PES Sandwich Submarine

Uno strano ristorante. Se così si può chiamare: sugli scaffali, dietro la vetrina, campeggiano prosciutti variegati. Ma l’unico odore che si può percepire, tutto attorno, è quello del cuoio lavorato, un po’ di polvere, i calzini usati. Totalmente delizioso! Alla vista, per lo meno e poi c’è scritto: “City’s Finest” (products) COOKED MEAT, SLICED BACON. Quindi chi saremmo noi, per mettere in dubbio una tale eloquente dicitura? Così è, se ci credi. E lui, il creatore di cortometraggi in stop-motion dal nome d’arte di PES, non solo ne è totalmente convinto, ma riesce ad operare un’illusione che trascina pure noi. Come se fosse realmente possibile, camminando per New York, ritrovarsi all’angolo tra un boulevard e un’avenue. Dinnanzi ad una Porta; laddove un tempo, in bilico tra due diverse guerre, approdarono i nostri quasi-nonni italiani, per fondare nuove tradizioni. Dimostrando che si, il sogno americano si poteva veramente palesare, almeno a chi avesse un bel cappello bianco, la valigia di cartone e un’ottima visione alimentare. Il prodotto, quando è buono, vende. Ed il prodotto più buono di tutti è certamente questo…

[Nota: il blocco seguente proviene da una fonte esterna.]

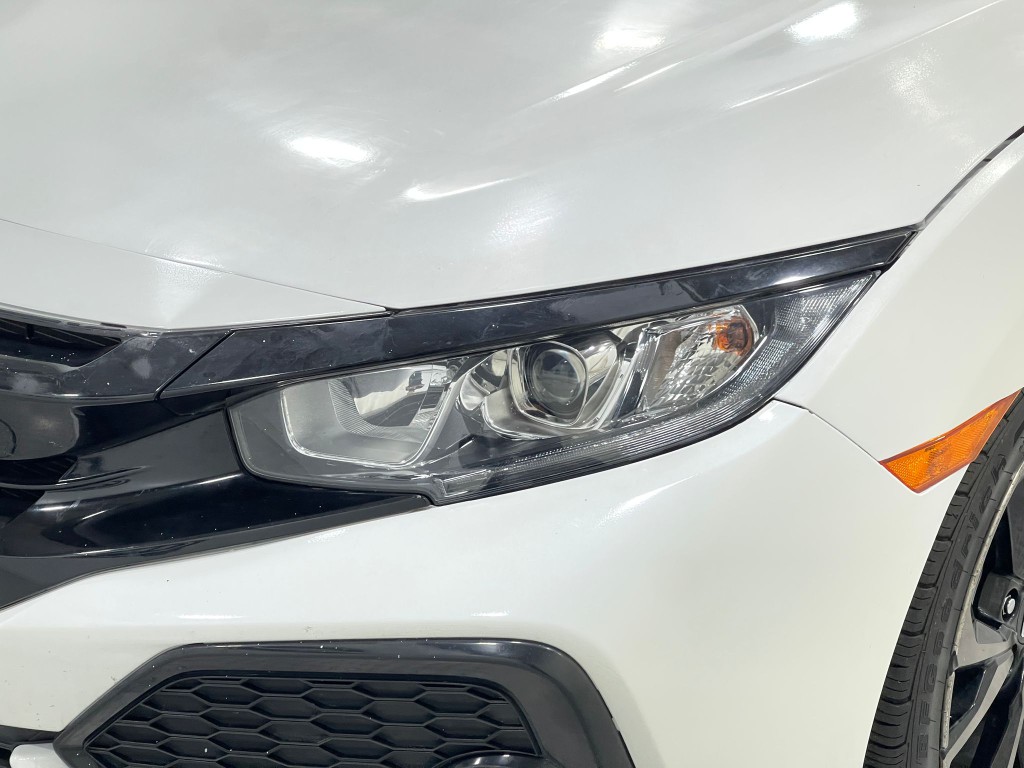 2017 Honda Civic Image 30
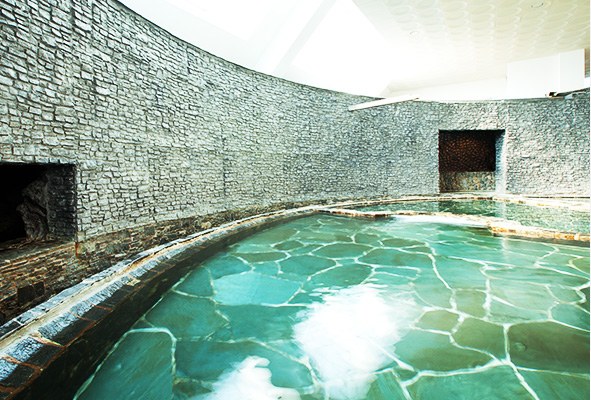 Korea's Neighbourhood Bathhouses Are Disappearing, and the Bath Is Not: Where the Hot Water Went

Si comincia, per l’appunto, dallo sport. La ricca salumeria del luogo in questione, con parecchia voglia di giocare, può vantare un’ampia gamma di “cibarie”: tutti quei palloni, curiosamente già tagliati a metà (non è certo questo, il primo panino di giornata!) Nonché qualche paio d’implementi utili a colpire, ad afferrare: i guantoni. Subito portati fino alla sapiente affettatrice, quelli tipici da boxe, di un rosso scuro che conduce a bei ricordi. Le arene gremite, i vasti stadi, le luci splendide dei riflettori; uno, due, tre passaggi – Flies like a butterfly, stings like a bee. Ed ecco palesarsi, all’altro lato della macchina…Centrini rosa? Possibile? Vallo a capire! Poi ricordati che sei soltanto al primo strato. Ti aspettano molte sorprese.
Submarine Sandwich: il panino sommergibile. C’è almeno una leggenda, sull’origine di questo nome che costituisce una chiara metafora, in uso multi-generazionale da una costa all’altra degli Stati Uniti. Si dice che Dominic Conti (1874–1954) fosse sbarcato, come tanti suoi connazionali, presso l’isolotto di Ellis Island, e poi da lì nella famosa Grande Mela. Dove, operando ed investendo, come sapevano ben fare gli emigranti della nostra terra (e non soltanto loro) lui apriva un grocery store (negozio di alimentari) proprio nel New Jersey. Presso cui metteva in vendita, quotidianamente, i suoi panini ancora senza nome. Finché un giorno del 1925 fu fondato il Paterson Museum di 2 Market Street, dove c’era in mostra, tra gli altri reperti bellici e industriali, un vecchio sommergibile del 1901, il Fenian Ram, con la tipica forma a siluro dei cartoon. Lui lo vide e subito lo riconobbe: era proprio come un ottimo panino, quella cosa lì. E viceversa, mamma mia!